Picture a stretch of sandbank on the border between Brazil and Bolivia, baking in the July sun. Now picture it covered — almost entirely covered — by enormous turtles.
Forty-one thousand of them.
A team of scientists from the University of Florida and the Wildlife Conservation Society (WCS) has confirmed the **world's largest known nesting site** of the giant South American river turtle (*Podocnemis expansa*), also known as the Arrau turtle. The study, published in the *Journal of Applied Ecology*, reveals a single stretch of the **Guaporé River** as the most extraordinary turtle maternity ward on Earth — and it took drones to finally see it properly.
**The Turtle That Time Almost Took**
The giant South American river turtle is the largest freshwater turtle in South America. Adult females can weigh up to 90 kilograms and live for over 80 years. They were once found across the Amazon Basin in their millions, nesting in vast gatherings along riverbanks every dry season.
Then came centuries of hunting. Their eggs — large, oil-rich, and nutritious — were harvested industrially. Adults were killed for their meat and fat. By the 20th century, populations had collapsed across much of their range. Conservation status: endangered.
But the Guaporé River — forming part of the remote border between Brazil and Bolivia — has always been exceptional. Its relative inaccessibility has sheltered one of the species's last great strongholds.
**The Drone Revolution**
Counting tens of thousands of turtles on a sandbank is harder than it sounds. Traditional ground surveys are slow, dangerous, and prone to underestimating numbers — turtles move, scatter when disturbed, and nest at different times. Previous estimates for the Guaporé site existed, but researchers suspected the true scale was being missed.
Lead author Ismael Brack and his team turned to drones combined with advanced statistical modelling — an approach that compensates for turtles not captured in any single frame, accounts for movement, and generates population estimates with far greater accuracy than raw image counts.

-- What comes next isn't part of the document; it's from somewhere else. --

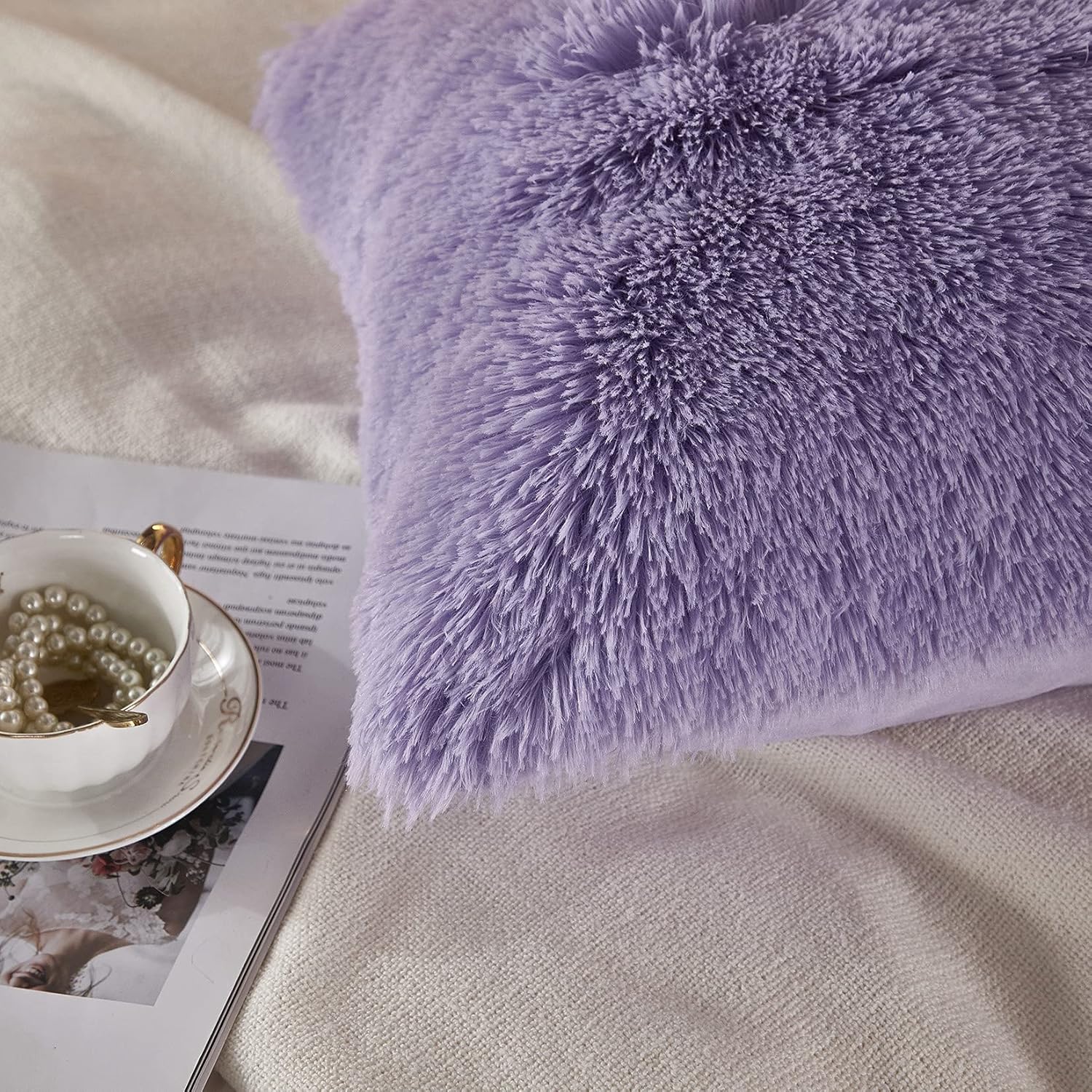 Uhamho Set of 2 Standard Faux Fur Throw Pillow Covers Soft Velvet Decorative Pillowcases Zipper Closure (Lilac, 20"x26")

The result: **41,000 adult female turtles** at a single nesting aggregation. The largest ever documented.
'We describe a novel way to more efficiently monitor animal populations,' says Brack. 'And although the method is used to count turtles, it could also be applied to other species.'
The implications go beyond turtles. The drone-plus-modelling methodology could transform wildlife surveys for everything from nesting seabirds to basking crocodiles — anywhere that traditional ground counts fail to capture the full picture.
**What 41,000 Turtles Mean**
For the giant South American river turtle, this discovery is both heartening and clarifying. It confirms that the Guaporé River system is one of the most important freshwater turtle habitats remaining on Earth — and that protecting it matters enormously.

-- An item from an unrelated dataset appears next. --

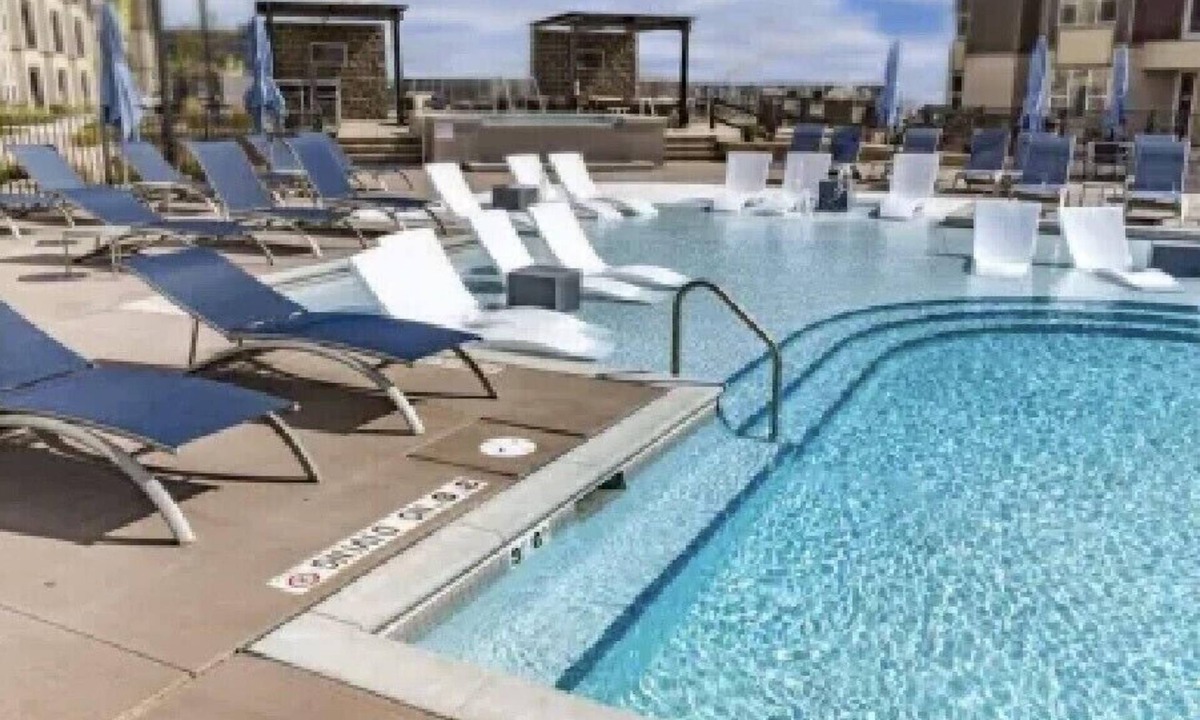 Town and Country Apartment | Monthly Stays Luxe Des Peres Suite with Complimentary Starbucks Onsite!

The turtles don't just nest here; they gather in communal groups, their warmth helping to incubate eggs buried in the sand. Hatchlings emerge together, overwhelming potential predators through sheer numbers. The aggregation isn't just remarkable to witness — it's ecologically essential to the species' survival.
For conservationists, knowing exactly where the largest gatherings occur helps direct protection efforts: ranger patrols, egg protection programmes, and advocacy for the river's preservation from dam development and gold mining, which both threaten the Guaporé ecosystem.
**The Biggest Maternity Ward in the World**
Every year, tens of thousands of ancient, armoured creatures haul themselves out of the water and onto the sandbanks of the Guaporé — following an instinct encoded over millions of years. They dig. They lay. They return to the river. And somewhere beneath the sand, the next generation begins.
For a species that was being hunted toward oblivion within living memory, the sight of 41,000 nesting females is, in the deepest sense, extraordinary.